Bret Easton Ellis Regrets Batman Script Comments

Bret Easton Ellis Regrets Batman Script Comments

American Psycho author and screenwriter Bret Easton Ellis caused a tempest in the internet teapot earlier this week when he claimed to have spoken with executives from Warner Bros. who described the top-secret screenplay for Ben Affleck’s The Batman movie as “a mess” – and what’s more, that the studio wasn’t interested in fixing it because a bad script wouldn’t hurt the film at the box office. Not the news that hopeful DCEU fans wanted to hear.

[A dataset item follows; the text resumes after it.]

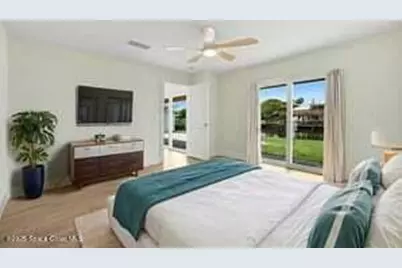 57 Riverview Lane, Cape Canaveral, FL 32920 - Photo 3
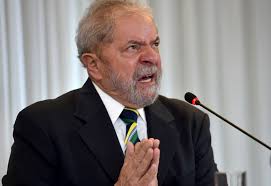 برازیل سپریم کورٹ نے سابق صدر کے خلاف تحقیقات کا حکم دیا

Now, however, Ellis is walking his comments back on his Facebook feed. In a Friday piece on The Ringer focusing on the changing dynamics of film production versus television, Ellis was one of several industry figures cited in anecdotes highlighting broader development trends. Describing an encounter with Warner Bros. executives, Ellis was quoted as saying:

“The executives I was having dinner with were complaining about people who work on the Batman movie. And they just said they went to the studio and they said, ‘Look, the script is … Here’s 30 things that are wrong with it that we can fix.’ And [the executives] said, ‘We don’t care. We don’t really care. The amount of money we’re going to make globally, I mean 70 percent of our audience is not going to be seeing this in English. And it doesn’t really matter, these things that you’re bringing up about the flaws of the script.’ So I do think global concerns play a big part in how movies, and what movies, are being made, obviously.”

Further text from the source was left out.